Book five of Harmonices mundi, in which Kepler offers a more elaborate version of his polyhedral model of the Solar System, he gives the first systematic treatment of tilings or tessellations, a proof that there are only thirteen Archimedean solids (convex uniform polyhedra), and the first account of two non-convex regular polyhedra, or what are now called see Kepler-Poinsot solids.

 

Kepler's mathematical work was full time and continued even during the wedding to his second wife in 1613. The dedicatory letter to a book he wrote shortly after explains that at the wedding celebrations he noticed that the volumes of wine barrels were estimated by means of a rod slipped in diagonally through the bung-hole, which prompted him to wonder how that could work.

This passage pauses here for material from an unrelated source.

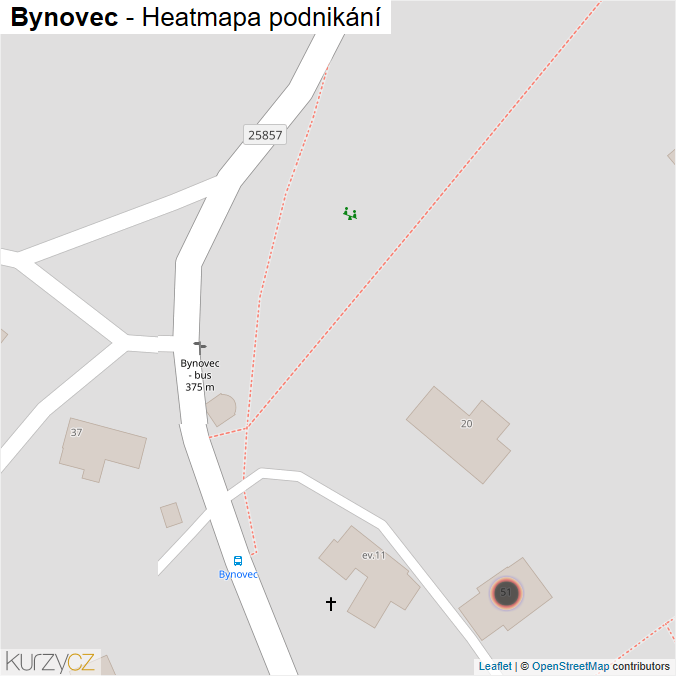 Mapa Bynovec - Firmy v obci.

The result was a study of the volumes of solids of revolution called Nova stereometria doliorum (New stereometry of wine barrels, 1615).

 


Kepler and pluralism

Kepler exemplifies the resistance shown by some of the leading Renaissance scientists (including also Copernicus and Galileo) to the idea that there might be innumerable inhabited worlds. Having accepted that the Earth and other known planets revolve around the Sun, he was enthusiastic about the possibility of life in other parts of the solar system. However, he was resistant to the notion that the stars might have planetary systems of their own and questioned pluralism on theological grounds:

 

"If there are globes similar to our Earth ... Then how can we be masters of God's handiwork?" His relief upon hearing the details of Galileo's discovery of four satellites of Jupiter are evident in his published response: "If you had discovered any planets revolving around one of the fixed stars, there would now be waiting for me chains and a prison among Bruno's innumerabilities. I should say, exile to his infinite space."

 

In Kepler's opinion the newly-found moons were made by God for the benefit of the Jovian inhabitants: "Our Moon exists for us on Earth, not for the other globes. Those four little moons exist for Jupiter, not for us. Each planet in turn, together with its occupants, is served by its own satellites. From this line of reasoning we deduce with the highest degree of probability that Jupiter is inhabited."

 

His Somnium (The Dream), published posthumously in 1634, was a typical blend of reasoned 17th-century astronomy and lingering medieval supernaturalism. The hero of the piece, a young Icelander called Duracotus, travels to the Moon with the aid of his mother, who is an accomplished witch – an arrangement not unfamiliar to Kepler since his own mother was tried, though not convicted, of witchcraft.